How to make the most of your retirement – Steps you could take to increase your eventual income

Even if retirement isn’t far away, there are steps you could take to increase your eventual retirement income. This applies both to your State Pension entitlement as well as to any personal or workplace pension pots.

We’ve provided some areas to consider that you may wish to discuss with us to help you to meet your retirement goals.

Make sure you have details for all your pension pots

Locate pension pots that you may have forgotten about. The Pension Advisory Service and the Pension Tracing Service can help you to trace forgotten pension pots. Remember to take your State Pension into account. Check your State Pension entitlement to help determine if and how much you’re likely to receive when you reach State Pension age – and whether you’ll need to top it up.

Consider topping up your pensions

Think about topping up your pension in the years leading up to your retirement. That little bit extra could make a difference. Remember, you might be eligible to top up your State Pension too. This could be particularly beneficial if you’re self-employed or a woman, because it’s possible your State Pension entitlement may be low.

From age 55 you can draw your pension savings as and when you need it and still pay into your pension. You’ll continue to receive tax relief on your payments up to age 75, although taking benefits flexibly will limit how much you can put in.

Maximise your employer’s contributions

You and your employer must pay a percentage of your earnings into your workplace pension scheme. How much you pay and what counts as earnings depend on the pension scheme your employer has chosen. Ask your employer about your pension scheme rules.

In most automatic enrollment schemes, you’ll make contributions based on your total earnings between £5,876 and £45,000 a year before tax. When you increase your contributions to a workplace pension or private pension, some employers will also boost the amount they contribute.
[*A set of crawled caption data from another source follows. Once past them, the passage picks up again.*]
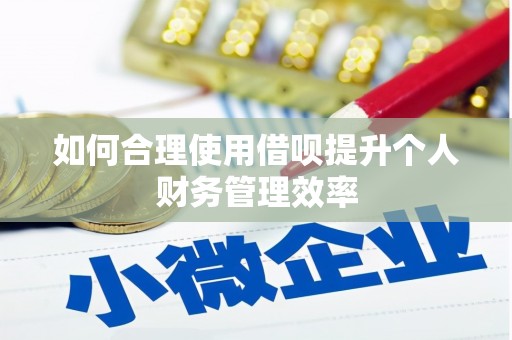 茂林如何合理使用借呗提升个人财务管理效率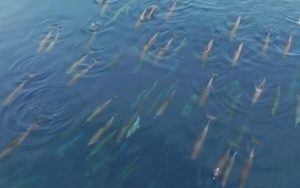 “الحياة الفطرية” يرصد عددًا من صغار الدلافين المرقطة في البحر الأحمر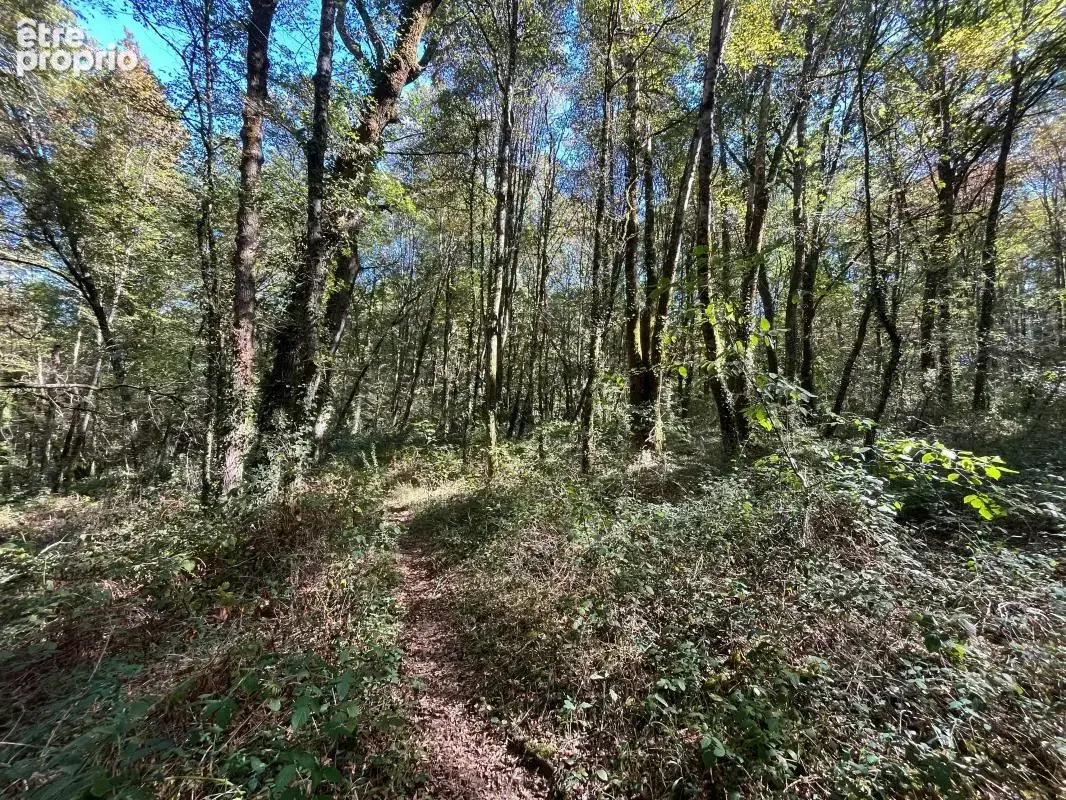 Belle parcelle de bois - AGENCE ORPI BRIVE - photo 5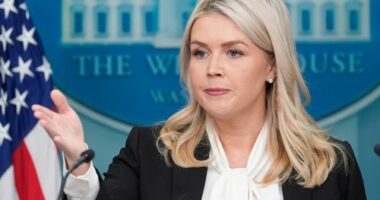 Trump had 'good feeling' Iran was about to attack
National Insurance credits

National Insurance credits allow you to fill in gaps on your National Insurance record when you’re not working and unable to make National Insurance contributions – for example, if you’re unemployed, caring for children, ill or disabled, taking an approved training course or doing jury service. The credits go towards building qualifying years for your State Pension and could help boost your final entitlement.
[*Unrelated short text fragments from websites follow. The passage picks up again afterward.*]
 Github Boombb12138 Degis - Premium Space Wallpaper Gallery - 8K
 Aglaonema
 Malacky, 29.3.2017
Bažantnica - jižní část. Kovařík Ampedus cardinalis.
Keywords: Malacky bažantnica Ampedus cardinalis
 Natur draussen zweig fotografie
Redirect regular spending into your pension

If you have a regular expense that stops being needed, you could redirect that extra money to your pension instead. As an example, once you finish paying off a car loan, you can use those payments towards your pension fund. This is a quick and simple way to give your retirement savings a boost while sticking to your everyday budget.

Save any income increases

If your income rises – for example, due to a pay rise or a new income stream – put all or part of the sum towards increasing your retirement savings. This can be done in a number of ways, including by increasing the sum you contribute to a workplace or personal pension.

Carry forward tax reliefs

Carry forward allows you to make use of any annual allowance that you may not have used during the three previous tax years, provided that you were a member of a registered pension scheme. The current annual allowance is £40,000, so you might be able to boost your pension by up to £120,000 without incurring tax.

Consolidate your pensions

If you have paid into several different pensions over the years and find it hard to stay on top of all the paperwork, you could consider consolidating your pensions into one plan. This will also help to keep track of your overall retirement sum and whether or not you’re on track towards your targets.
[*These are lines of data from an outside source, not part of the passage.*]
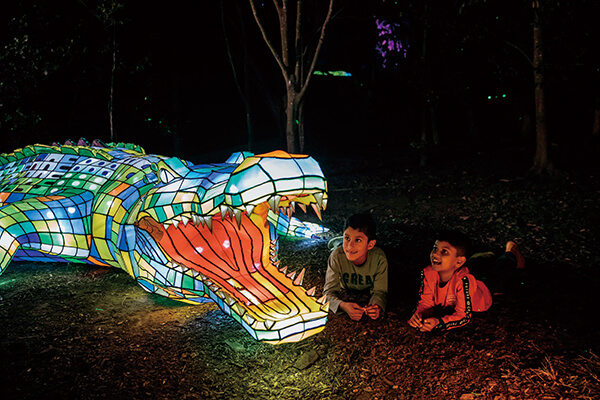 设置于雪梨塔隆加动物园内的灯光装置。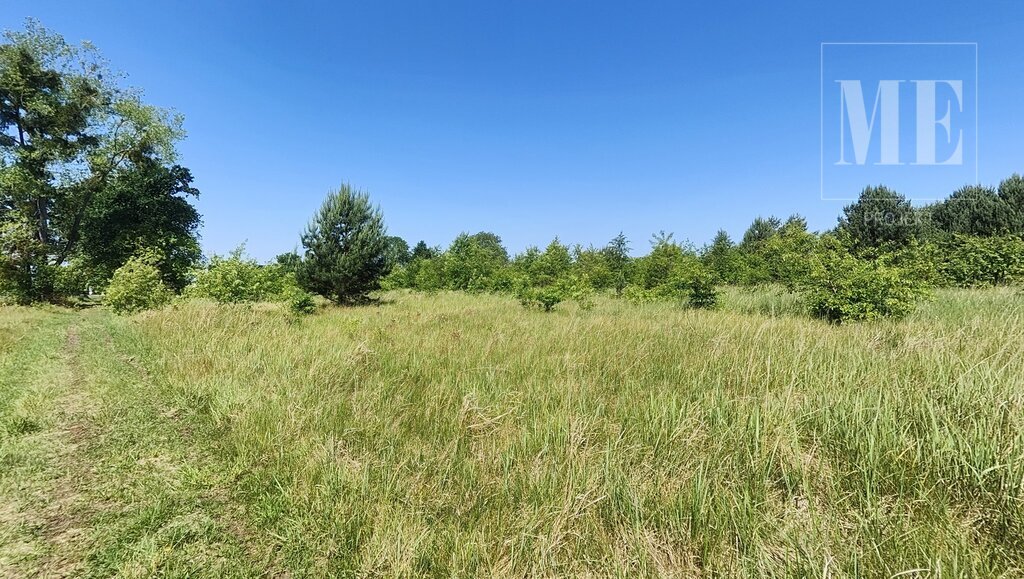 Działka pod budowę Rurzyca - las, nowa zabudowa (14)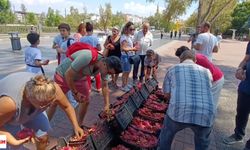 Çiftçinin Durumu Değişmiyor: Tokat'ta Aynı, Antalya'da Aynı Manzara...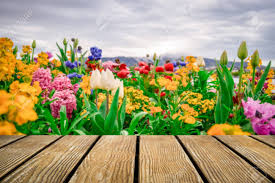 We hope you enjoy our growing collection of hd images to use as a background or home screen for your smartphone or computer. Empty Old Wooden Table With Flowers Garden Background Stock Photo Picture And Royalty Free Image Image 88369411
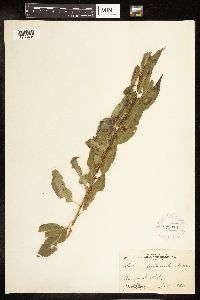 Salix amygdaloides image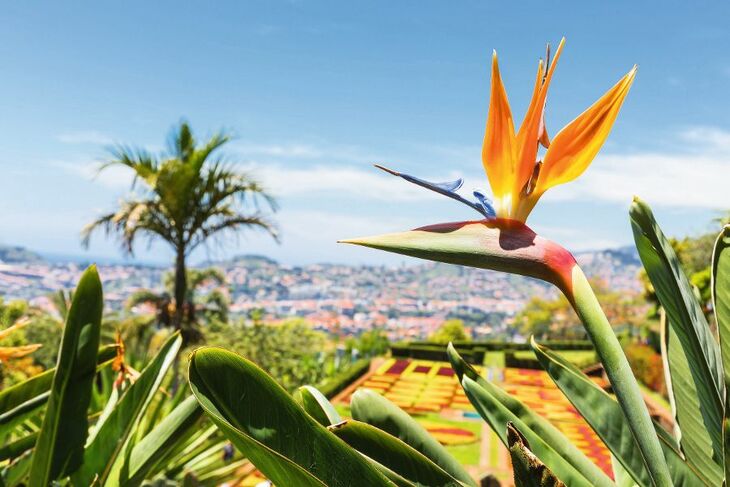 Strelitzia im Madeira Botanical Garden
Before you switch, it is essential to obtain professional advice to check that you don’t have any guarantees that you’ll lose by moving your pension savings to another scheme, and that the charges you pay aren’t higher in the new scheme. Not all pension types can or should be transferred. It’s important that you know and compare the features and benefits of the plan(s) you are thinking of transferring.

Consider retiring a little later than you’d originally planned

Delaying your retirement might give your pension fund more chance to grow. Remember though, if your pension fund remains invested the value could go down as well up and you may not get back what you put in. If you defer your retirement, it’s also important to check whether this will affect any state benefits you’re entitled to.

Working part-time for a while after you finish full time work might enable you to delay drawing money from your State Pension or your pension, meaning your money may last longer when you do retire.

You could consider trying something new, like setting up your own business. Becoming your own boss could be a good way to stay active and keep earning.